» **Collected data**:
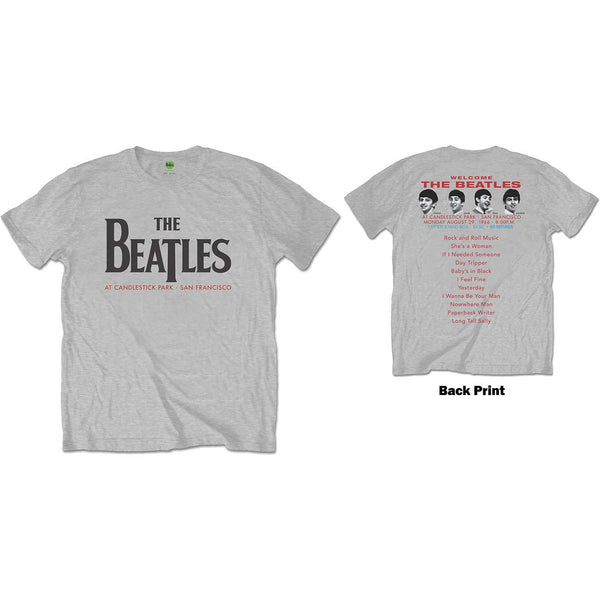 The Beatles | Official Band T-Shirt | Candlestick Park (Back Print)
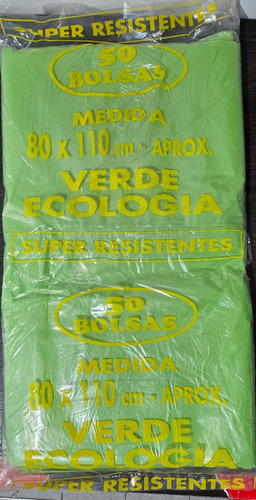 Bolsas Residuo Consorcio Verdes 80 X 110 X 50und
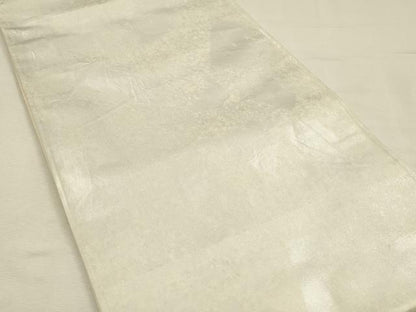 平和屋着物◎六通柄袋帯　箔散らし　銀彩　正絹　逸品　DABH3477qp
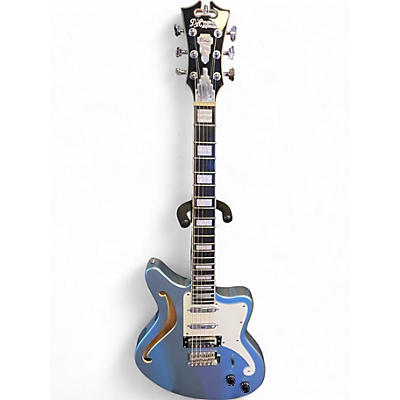Used D'Angelico PREMIER BEDFORD Ice Blue Metallic Hollow Body Electric Guitar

» **Problem details**: Write the listing out exactly, apart from its pictures.

» **Exercise output**:
 The Beatles | Official Band T-Shirt | Candlestick Park (Back Print)
 Bolsas Residuo Consorcio Verdes 80 X 110 X 50und
 平和屋着物◎六通柄袋帯　箔散らし　銀彩　正絹　逸品　DABH3477qp
Used D'Angelico PREMIER BEDFORD Ice Blue Metallic Hollow Body Electric Guitar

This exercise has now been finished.